**WHAT IS BEING ASKED**: Without any pictures, print the lines below from the one that has "Около ста человек ждали Шишова на улице." through the one that has "Used 2016 Nissan", exactly and nothing else.

**EXTRACTED MATERIAL**:

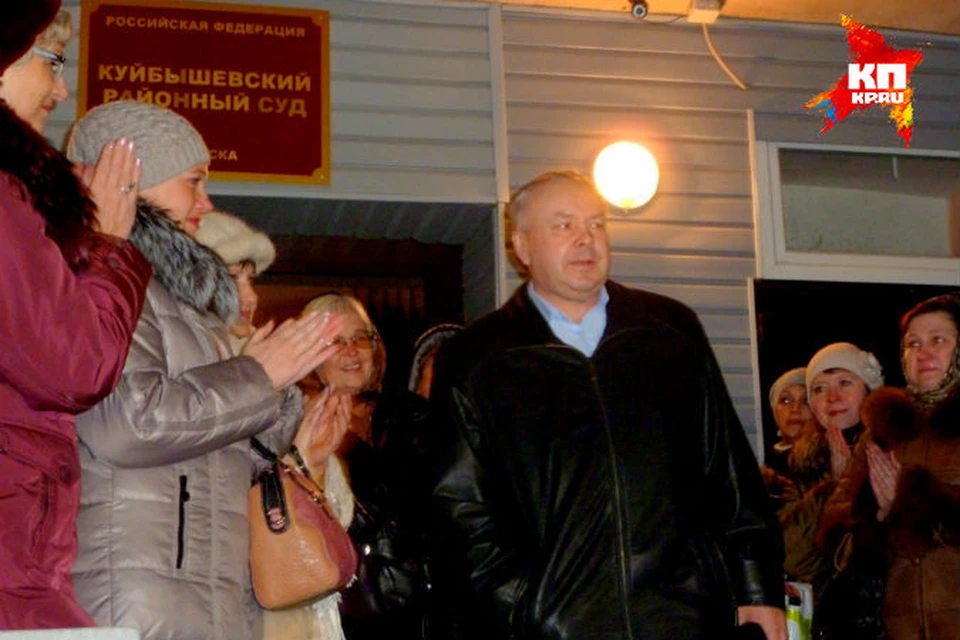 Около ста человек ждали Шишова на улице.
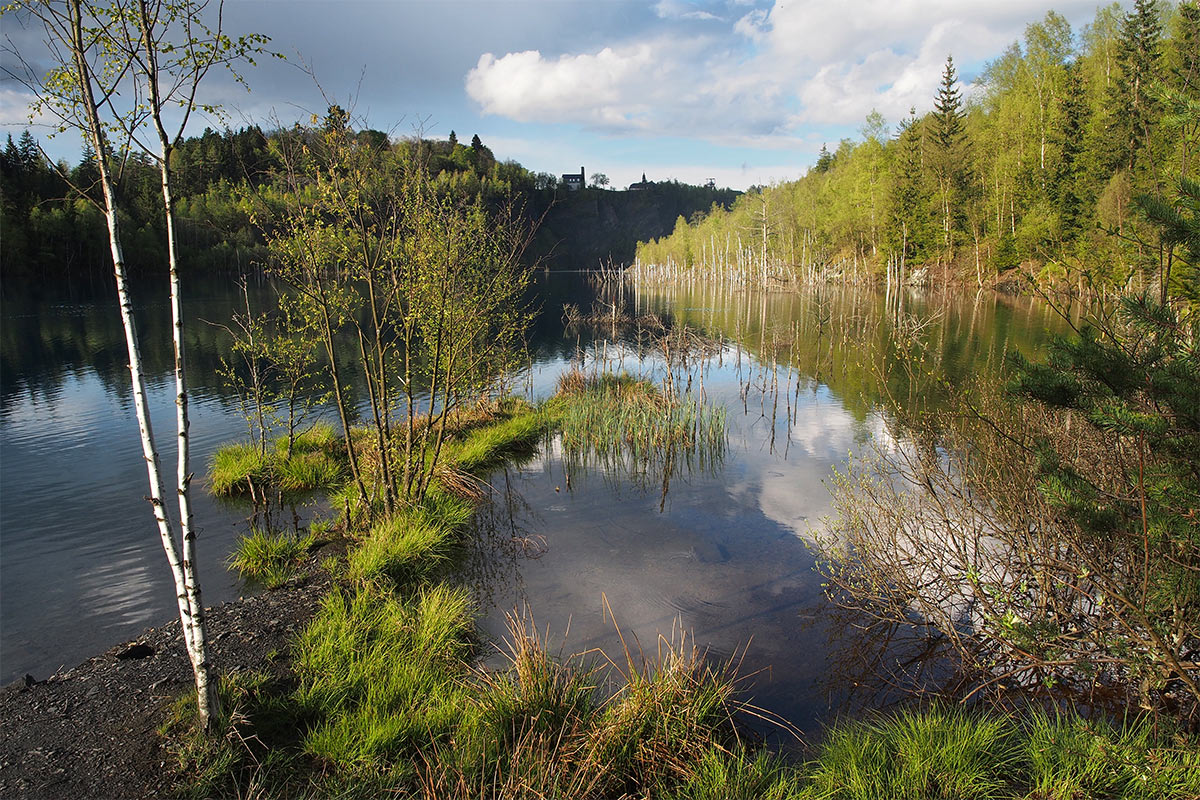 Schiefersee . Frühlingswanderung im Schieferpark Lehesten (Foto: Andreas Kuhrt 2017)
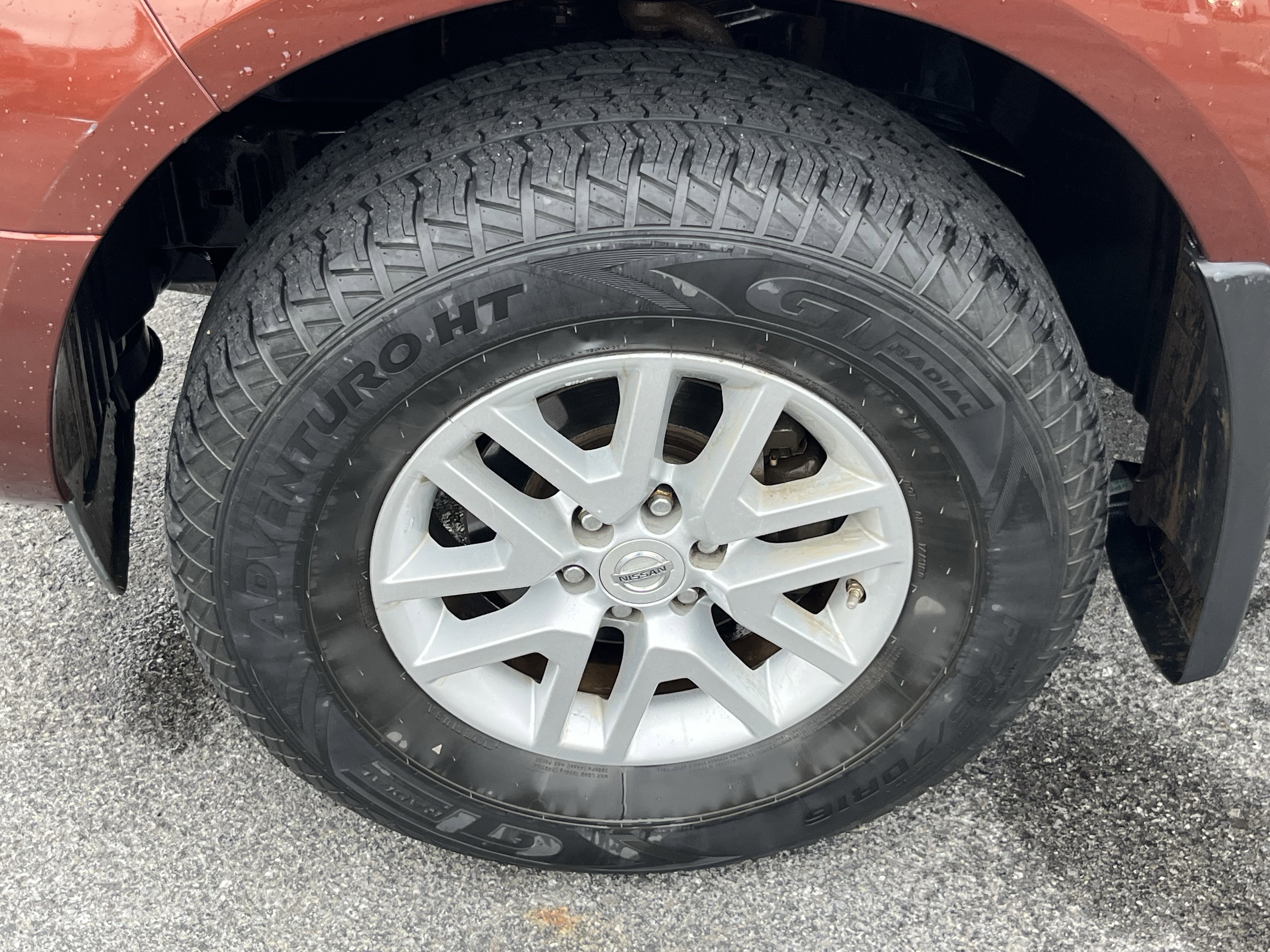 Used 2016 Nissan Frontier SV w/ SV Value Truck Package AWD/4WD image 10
==
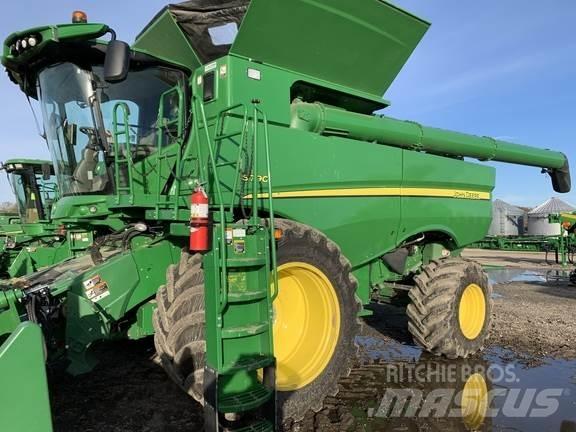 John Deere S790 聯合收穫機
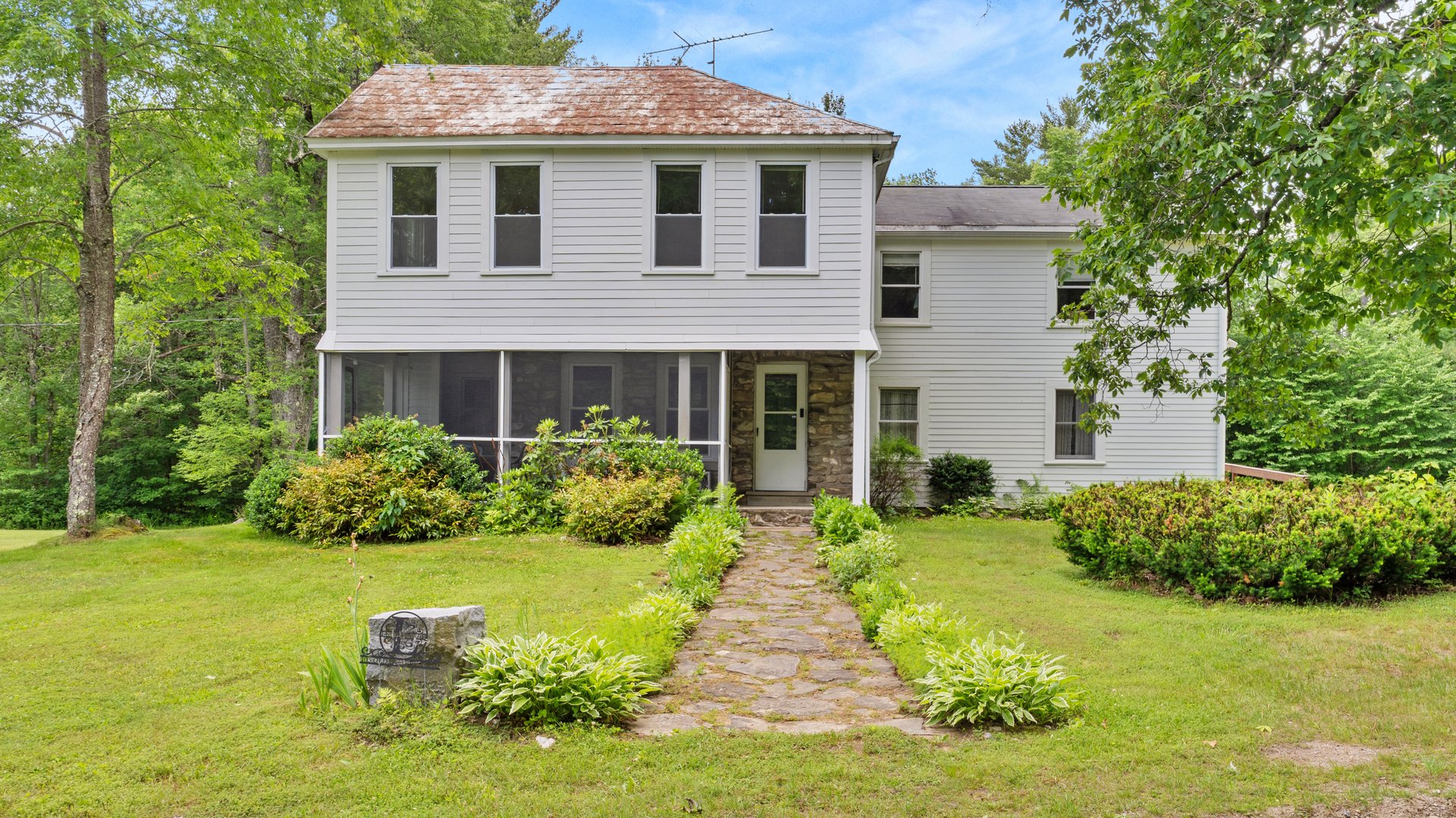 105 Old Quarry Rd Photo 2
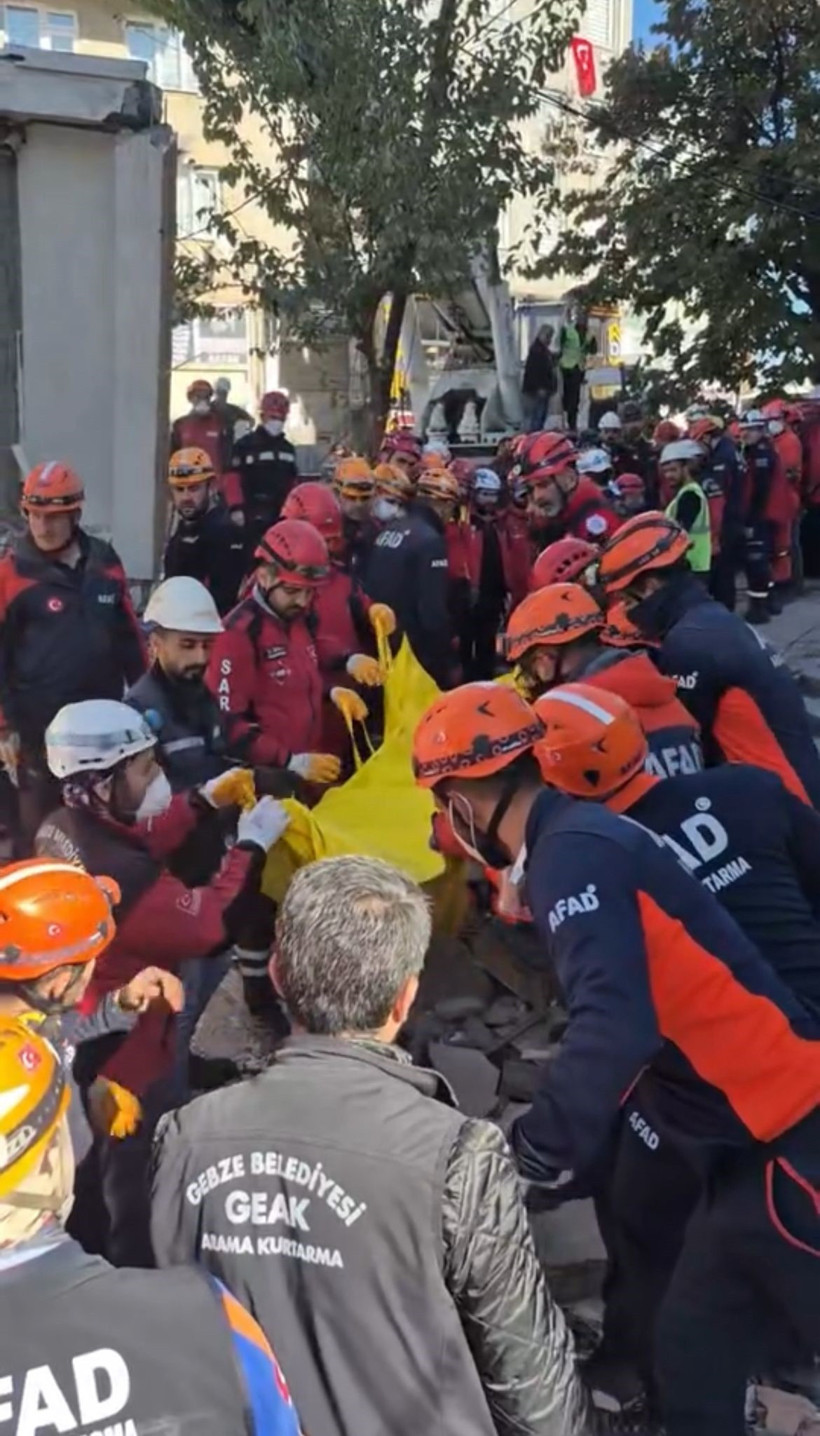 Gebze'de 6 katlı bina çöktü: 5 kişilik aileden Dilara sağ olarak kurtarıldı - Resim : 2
==
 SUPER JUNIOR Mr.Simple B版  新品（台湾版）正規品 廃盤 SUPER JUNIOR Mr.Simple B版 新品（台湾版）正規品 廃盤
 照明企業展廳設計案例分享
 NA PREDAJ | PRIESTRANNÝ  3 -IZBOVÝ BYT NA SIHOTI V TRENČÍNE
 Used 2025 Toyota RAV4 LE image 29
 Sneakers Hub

**WRITTEN ANSWER**:
 Около ста человек ждали Шишова на улице.
 Schiefersee . Frühlingswanderung im Schieferpark Lehesten (Foto: Andreas Kuhrt 2017)
 Used 2016 Nissan Frontier SV w/ SV Value Truck Package AWD/4WD image 10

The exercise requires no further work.